Regarding point 1), it's difficult to spend enough time up-front working
through requirements to estimate, reviewing with client etc - for 2-3 days
work can take 4+ hours. Heck, I won't know all unknowns until I program it,
and often feel I might as well have built a prototype in this time (and saved
the client half a day's money). Plus, if the work doesn't come off, that's a
lot of time wasted.

The project that triggered this post is making a 7-screen online copy of a
6-page paper form. It should be straightforward, and as with many of these
projects the client expects it to be cheap because it's "simple" - so we have
a bad expectation to start with.
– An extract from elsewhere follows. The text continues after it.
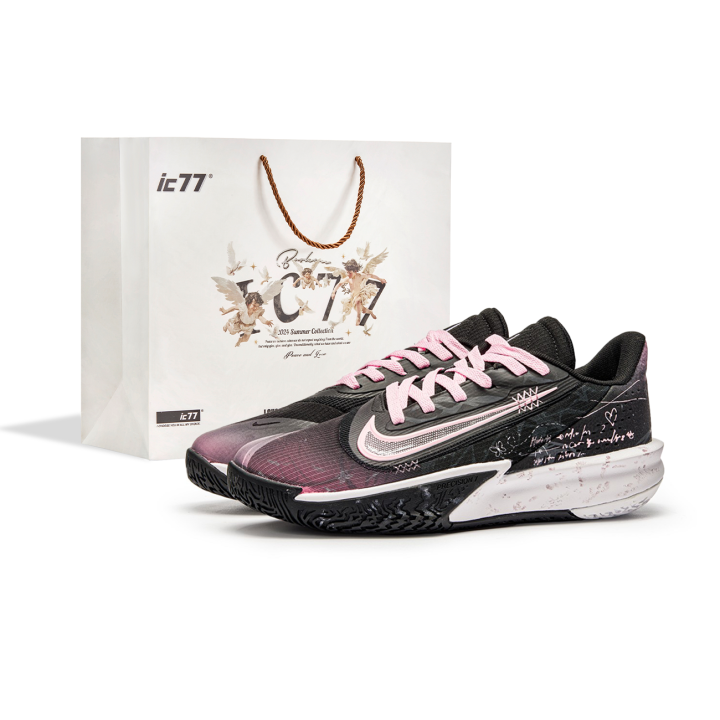 Nike Nike Precision 7 Low top Basketball Shoes Men's Black Pink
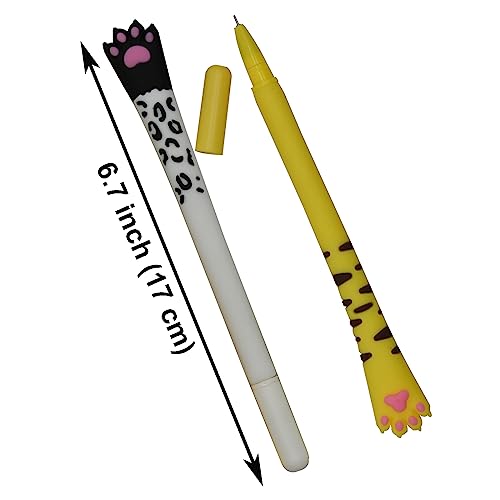Maydahui 8 bolígrafos roller con tinta negra y diseño gato miniatura 2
I made a couple of judgement errors when
quoting (mostly on conditional logic, which the paper form didn't include:
dynamic add/remove of form rows), and now when viewing the first draft the
client's decided that additional show/hide regions and conditional validation
are required, and some fields to be modified from the paper form because
"They'll be better like that". We'd had a face to face meeting before the
project began so I thought I knew what the client wanted and the client was
happy with what I proposed...

I do think the fault is mine. I'm sick of my projects ending up with bad
feeling on both sides. You are spot on that some clients just don't want to
pay for the work involved; I have one that quibbles over every 20 minute
period on the invoice, saying it could be done quicker. But then when the
quote is squeezed to give a good fixed-price, a lot of modifications/changes
get left out, and the client isn't happy then.